*Dataset records:*
=====
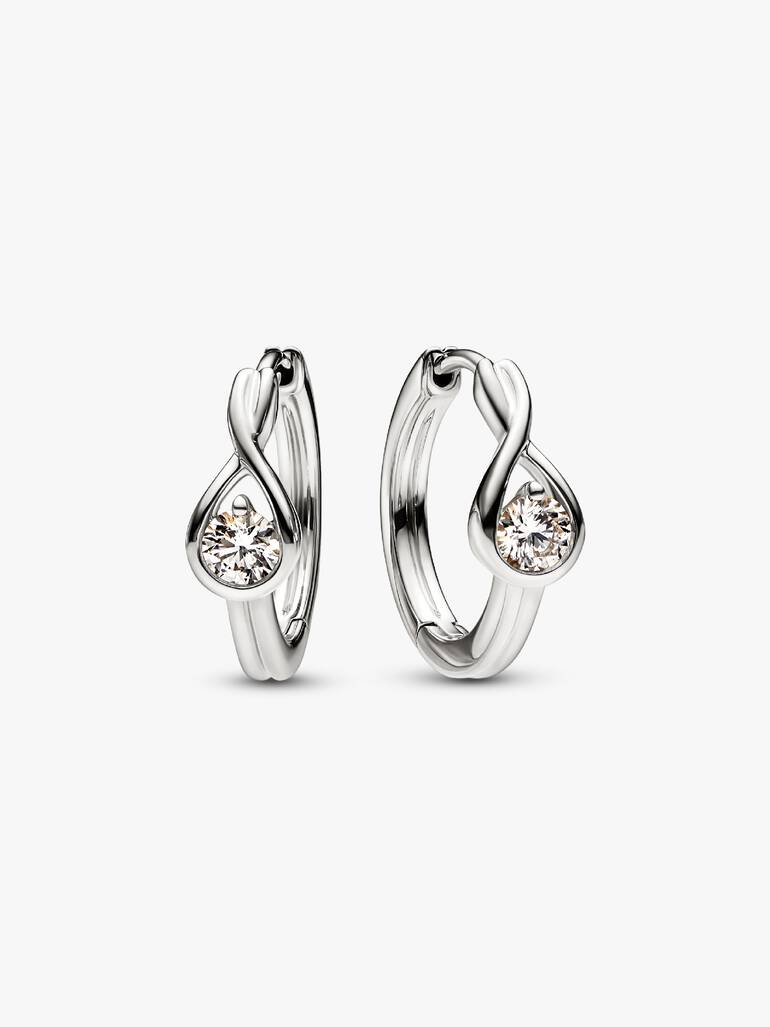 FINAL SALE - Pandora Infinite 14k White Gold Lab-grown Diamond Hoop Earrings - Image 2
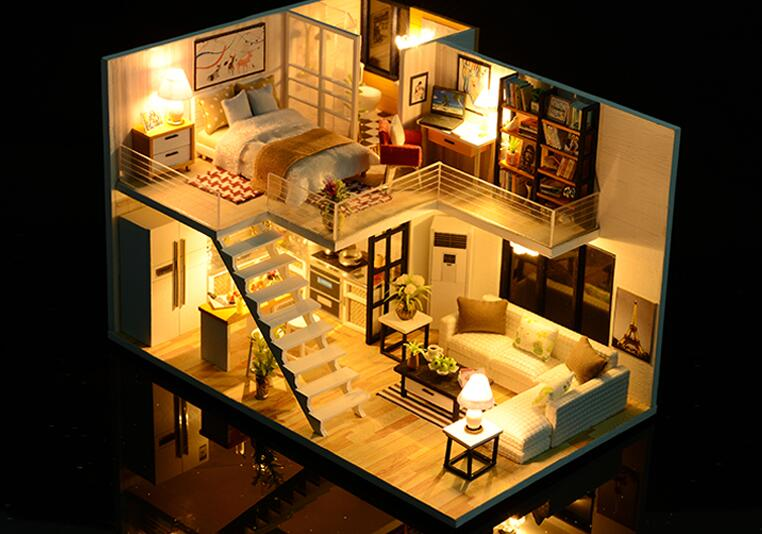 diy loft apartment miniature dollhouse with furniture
=====
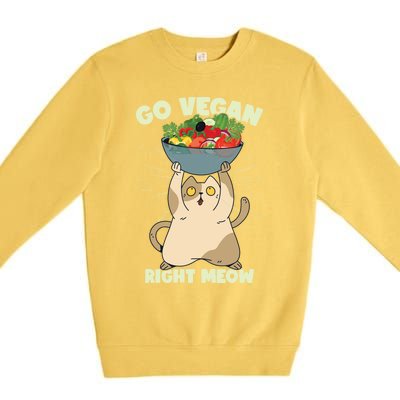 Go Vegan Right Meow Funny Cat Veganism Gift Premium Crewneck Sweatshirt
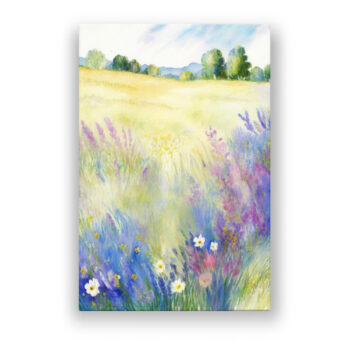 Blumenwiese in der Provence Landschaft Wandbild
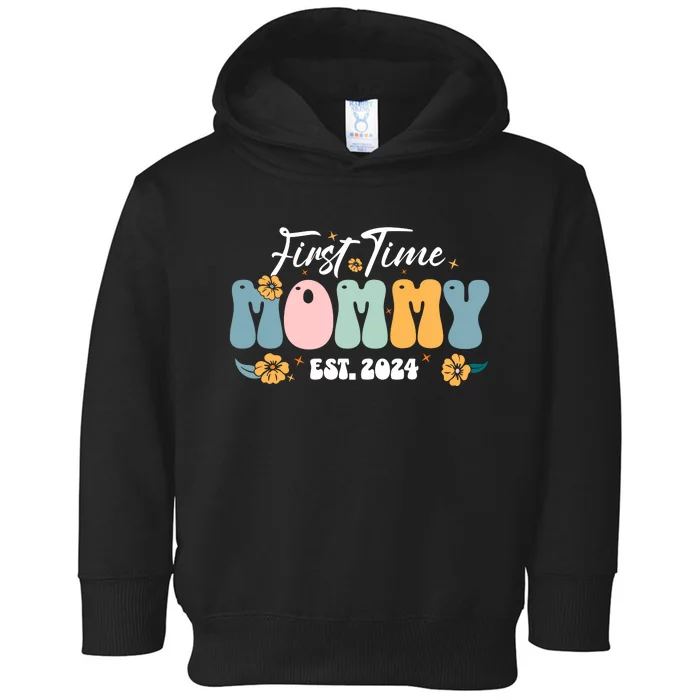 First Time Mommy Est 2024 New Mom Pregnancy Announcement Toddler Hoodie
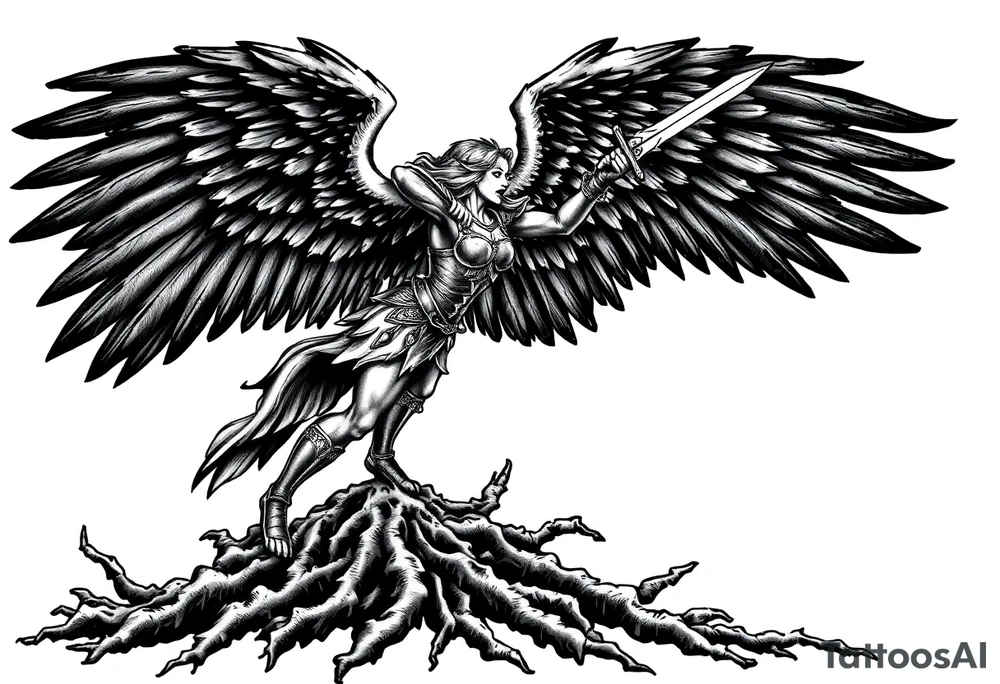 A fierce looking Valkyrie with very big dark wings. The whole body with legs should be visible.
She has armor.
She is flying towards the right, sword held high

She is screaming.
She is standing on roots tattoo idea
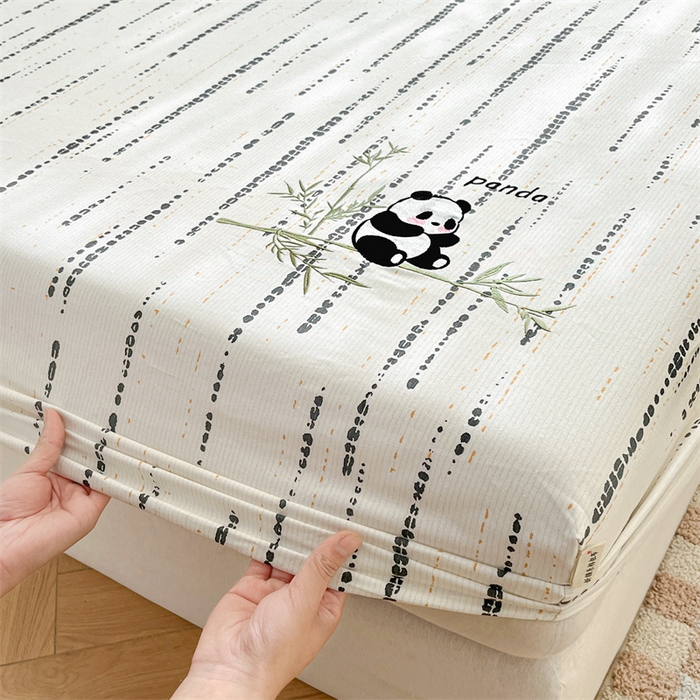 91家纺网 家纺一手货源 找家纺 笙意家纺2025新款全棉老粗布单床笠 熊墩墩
=====
The answer is those lines of the material above that run from the one containing "A fierce looking" up to and including the one containing "91家纺网 家纺一手货源 找家纺 笙意家纺2025新款全棉老粗布单床笠 熊墩墩", restated exactly and without images.

 A fierce looking Valkyrie with very big dark wings. The whole body with legs should be visible.
She has armor.
She is flying towards the right, sword held high

She is screaming.
She is standing on roots tattoo idea
 91家纺网 家纺一手货源 找家纺 笙意家纺2025新款全棉老粗布单床笠 熊墩墩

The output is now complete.